M. de Montbreuse en m’écoutant avait pris un air sévère, qui, dans tout autre moment, m’aurait imposé silence ; mais j’étais dans une de ces situations de l’âme où le danger augmente l’énergie, et sans redouter son courroux, je lui montrai le billet d’Alfred, et lui appris comment il avait enfreint ses ordres pour me dire un dernier adieu. Je ne dissimulai aucune des circonstances qui aggravaient mes torts, et je dus probablement à cet excès de franchise la confiance que mon père a toujours eue depuis dans ma sincérité, et l’indulgence qu’on ne sait pas refuser à la bonne foi.

Je m’attendais à sa colère, sa modération m’abattit après m’avoir écoutée attentivement, il me dit d’un ton calme :

— Léonie, si après vous être ainsi compromise envers votre cousin, vous veniez à découvrir que tout ce roman est le fruit de l’exaltation de votre tête, et non pas l’effet d’un sentiment durable, que feriez-vous alors ?…

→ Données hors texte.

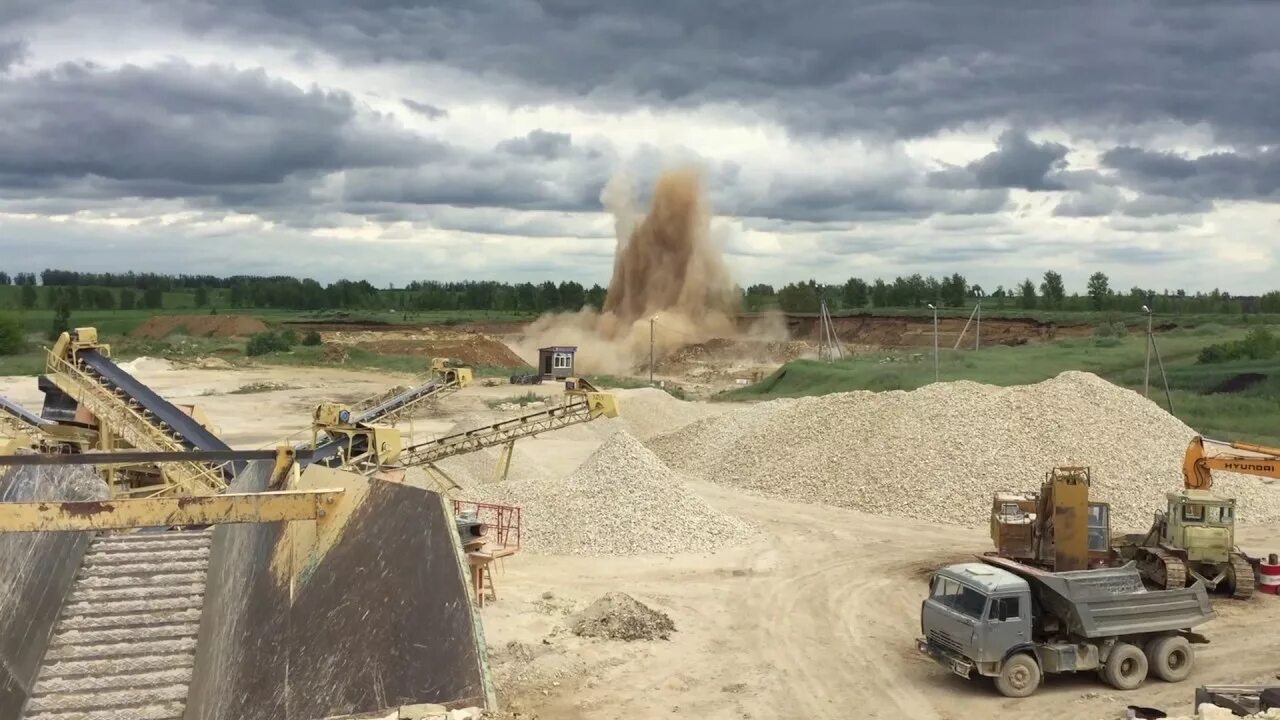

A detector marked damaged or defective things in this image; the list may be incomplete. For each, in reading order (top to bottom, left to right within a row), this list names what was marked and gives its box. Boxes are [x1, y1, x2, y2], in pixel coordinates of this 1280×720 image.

rusty metal panel [0, 458, 108, 717]
rusty metal panel [293, 476, 491, 712]
rusty metal panel [1049, 476, 1090, 571] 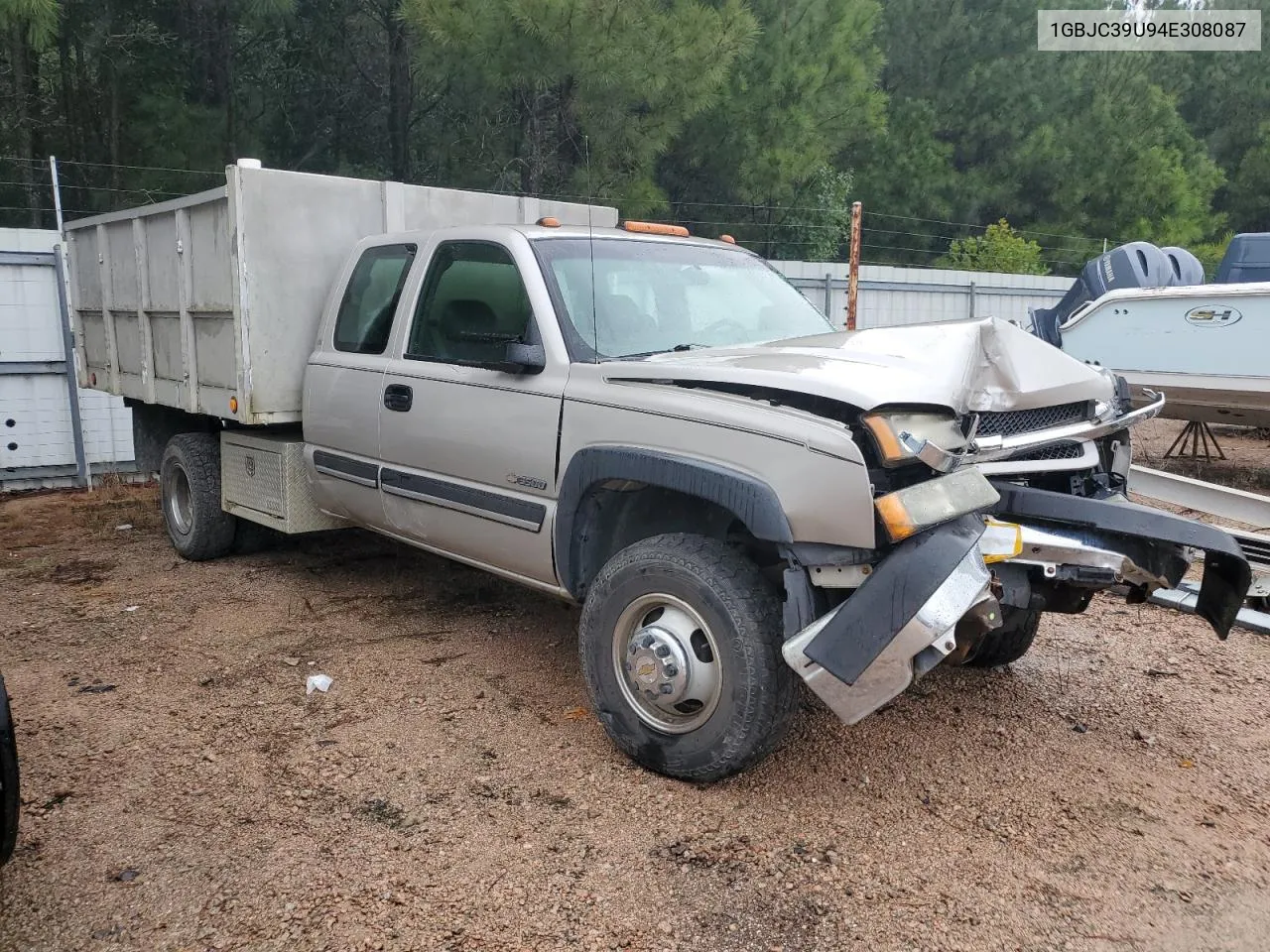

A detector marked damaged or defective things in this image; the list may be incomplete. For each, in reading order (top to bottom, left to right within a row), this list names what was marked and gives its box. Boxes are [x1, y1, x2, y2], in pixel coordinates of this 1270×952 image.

damaged pickup truck [66, 166, 1249, 781]
rusty metal post [842, 201, 863, 332]
crumpled hood [604, 318, 1112, 411]
detached front bumper [782, 492, 1249, 731]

— Je n’ai pas prévu comment je me conduirais dans une situation qui ne sera jamais la mienne.

— Eh bien, moi, je dois le prévoir, reprit-il avec ironie, et laisser au temps le soin de vous désabuser. Je pourrais combattre vos résolutions, vous ordonner de vous soumettre aux miennes, et vous représenter ce qui peut résulter pour vous et pour moi d’un refus si peu motivé, mais j’aime mieux encourir toutes les disgrâces possibles, que d’user avec tyrannie de mon autorité sur vous ; dès demain j’ôterai toute espérance à celui dont vous rejetez la main sans vouloir même le connaître, et je me résignerai au chagrin de vous voir victime d’une folie que votre âge seul peut excuser.

En finissant ces mots, il me lança un regard de pitié, et me quitta avec autant de froideur et de calme que j’éprouvais de peine et d’agitation.